O Lula, a política e a politicalha.

 

O Lula, a política e a politicalha.

(Por Cristóvam Luiz)*

Pavilhão São Cristóvão – Rio de Janeiro –Julho, 1978

Era o ano de 1978 - Apesar de estarmos vivendo num tênue período da chamada ditadura militar, comandada pelo Presidente Geisel, a tensão de cerca de seis mil trabalhadores inscritos no Congresso Nacional de Trabalhadores Industriários era amenizada pela doce esperança de se avançar na conquista de melhorias para a classe trabalhadora do Brasil. O pavilhão de São Cristóvão, na cidade do Rio de Janeiro, estava rodeado por pelotões de cavalaria e policiais fortemente armados, mas o organizador-mor do evento, Ari Campista, Presidente da CNTI, parecia confiante na realização de um Congresso pacífico, pois o mesmo contava com participantes de todo o país.

Nesse ano, Luis Inácio, o Lula, estava nos holofotes da imprensa nacional devido à liderança das greves na região do ABC, em São Paulo. Particularmente eu via naquele barbudo uma semelhança com o Che Guevara, que admirava e me embalava os sonhos de universitário. Porém algo estranho em seus olhos me dizia para que eu não confiasse tanto naquela estranha liderança.

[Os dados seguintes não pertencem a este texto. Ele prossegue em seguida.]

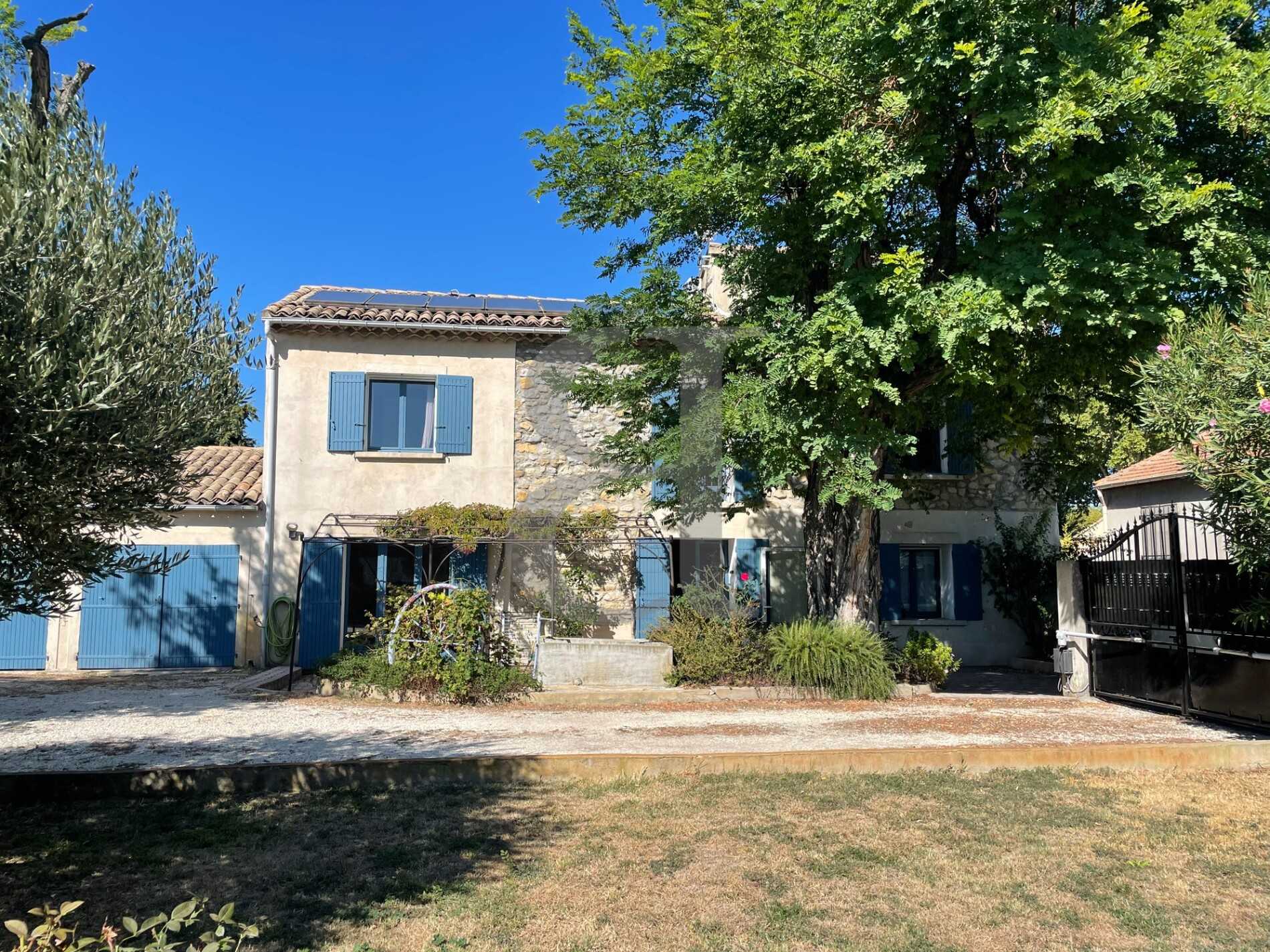 房子 在 Mondragon, Provence-Alpes-Cote d'Azur 12368144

No primeiro dia do Congresso, as reuniões nas diversas comissões, com líderes sindicais de todas as regiões brasileiras parecia fluir para um consenso pelo avanço na apresentação de teses e encaminhamentos importantes para as conquistas trabalhistas. Lembro-me de que fui escolhido para ser o relator da Lei de Greve, assunto que mexia com os brios da classe sindical e da massa trabalhadora naquele momento tão importante para a transição da história. Todas as Comissões foram regimentalmente eleitas, com representações sindicais de Norte a Sul e de Leste a Oeste.

No dia seguinte, porém, tivemos a surpresa de encontrar logo cedinho, antes do reinício das atividades, um movimento de rebeldia liderado por sindicalistas de São Paulo, que queriam mudar todo o processo de condução do Congresso, rasgando regimentos e chegando ao cúmulo do sindicalista conhecido como Alemão ficar aos berros dizendo que havia representantes do Nordeste pregando reivindicações para que as “empresas fornecessem bicicletas para o transporte dos trabalhadores” e aquilo era um absurdo. Em sua opinião, os representantes do Estado de São Paulo deveriam estar em todas as comissões, pelo motivo de ser maioria presente no evento. Em outras palavras, se deveria privilegiar os representantes paulistas, abandonando as orientações regimentais do Congresso no sentido de se respeitar as outras representações nacionais. Essa idéia se fortaleceu com o apoio aos berros de Lula, até o ponto em que recomeçaram as discussões acaloradas do público presente.

Inscrito para falar, manifestei-me: “Um dos intelectuais e políticos mais respeitados desse país, nos dizia que existe política e existe politicalha. A política, nos admoestava Rui Barbosa, é a arte de gerir um Estado através de leis escritas, princípios definidos e tradições respeitáveis. E a politicalha é a indústria de produzir benefícios de interesses próprios. Eu porém vos digo, aqui nesse momento temos sindicalistas e sindicateiros; os sindicalistas aqui vieram para defender os interesses da família brasileira e os sindicateiros apenas querem usufrutos pessoais”. Isso foi o bastante para agitar os ferozes e despertar os moderados e, é claro, levei vais daqueles e apupos destes. Ainda guardo com boas recordações alguns recortes dos jornais O Globo, da Folha da Tarde e da Tribuna Operária do dia seguinte.

Depois disso, Lula e outros líderes sindicais passaram a aceitar a participação dos seus pares de outros rincões do país, a Lei de Greve, o fortalecimento de leis trabalhistas, a abertura das discussões das eleições diretas, o voto e a eleição das mulheres e a melhoria da CLT foram discutidos democraticamente e indicados numa Carta Nacional dos trabalhadores industriários.

A política, lembrada por Rui, ainda nos anima, mas a politicalha dos tempos atuais pós Lula nos decepcionou muito desde aquele episódio do maior Congresso de Trabalhadores organizados pela CNTI. Isso, porém, não nos faz cruzar os braços para aceitar com passividade a validação de interesses dos nossos algozes.

*Cristóvam Luiz é professor, escritor e produtor cultural.